Again I went to work.  But I was gaining some confidence in this and seeing God work in ways that rattled any notions I had about communicating with Him.  I was more and more amazed at what He was doing and wanted others to see it too.  So Switzerland was going to be different.  90-minutes of workshop would include some informational training, but this time there would be actual prayer practice with the actual anticipation that God would answer quickly and in the long term.  A bit brash.  We did it.  God answered short and long in wonderful ways.  

A lot of years have come and gone since those days back in the 1970s, but prayer has been and continues to be a passion for me.  Because being in touch with God is a passion for me.  Those early days of instruction and instructing helped lay a foundation for building on a relationship with God that is real and conversational and dynamic.  It was truly surprising communication with God to begin with and has continued and will continue into the days unending which lie ahead. 

Prayer Proliferation

Hanging out with God is a joy.  Humbled in His presence I find being with Him refreshing.  He has taught me more and more about prayer.  In His presence I have experienced prayer as affirmation, instruction, correction, reflection, adoration, and even power.  Prayer for me is no longer an exercise in definitions and research, but experience set in relationship with the living God.  So now I have the opportunity of continuing to share with others what it is to pray.  From basic essentials in relating to God to an ever deepening approach to prayer that engages the heart and sets the spirit free. 

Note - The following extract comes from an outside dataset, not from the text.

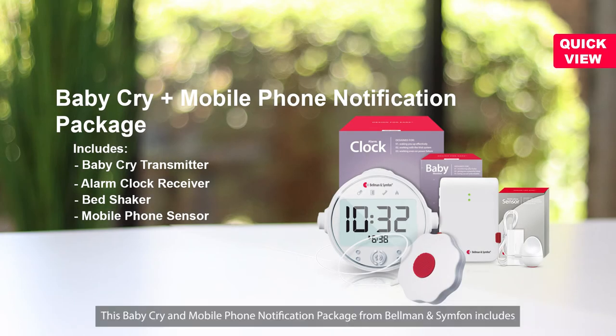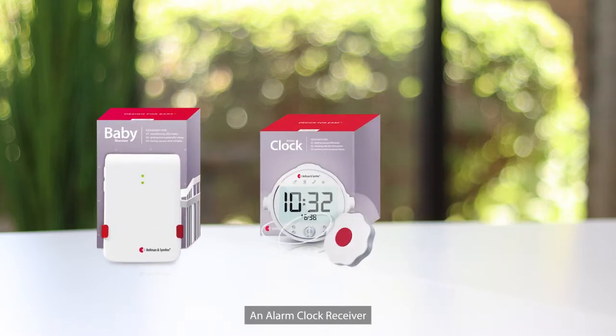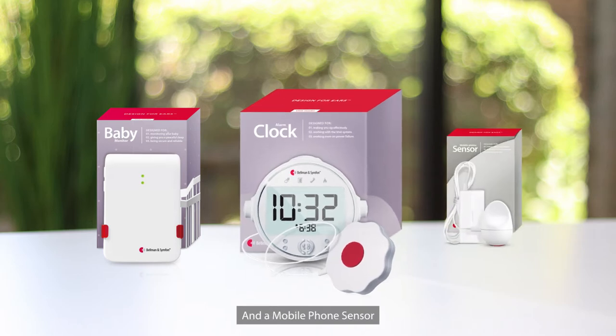This baby cry and mobile phone notification package from Bellman & Symphon includes a baby cry transmitter, an alarm clock receiver, a bed shaker, and a mobile phone sensor.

What a choice opportunity.  Remember the covetousness of others in ministry referred to earlier?  That is gone.  God confronted it.  I repented.  And I found His plan better than one I could have designed myself.  He invited me into a hallowed place to learn the mysteries of prayer and to share them with those who want more in their communication with Him.  As a result, I pass these things along at various times and places.  Sometimes in a message at church, and at other times on a retreat over a weekend.

 A new approach in this process is to learn about laser prayer.  I first taught some about it at the Fall Retreat.  Sunday and on following 2nd Sundays of the month at GBC we will look at this form of prayer and see where God takes us with that.  It will be challenging, but the rewards will be eternally delightful. Time for more surprises.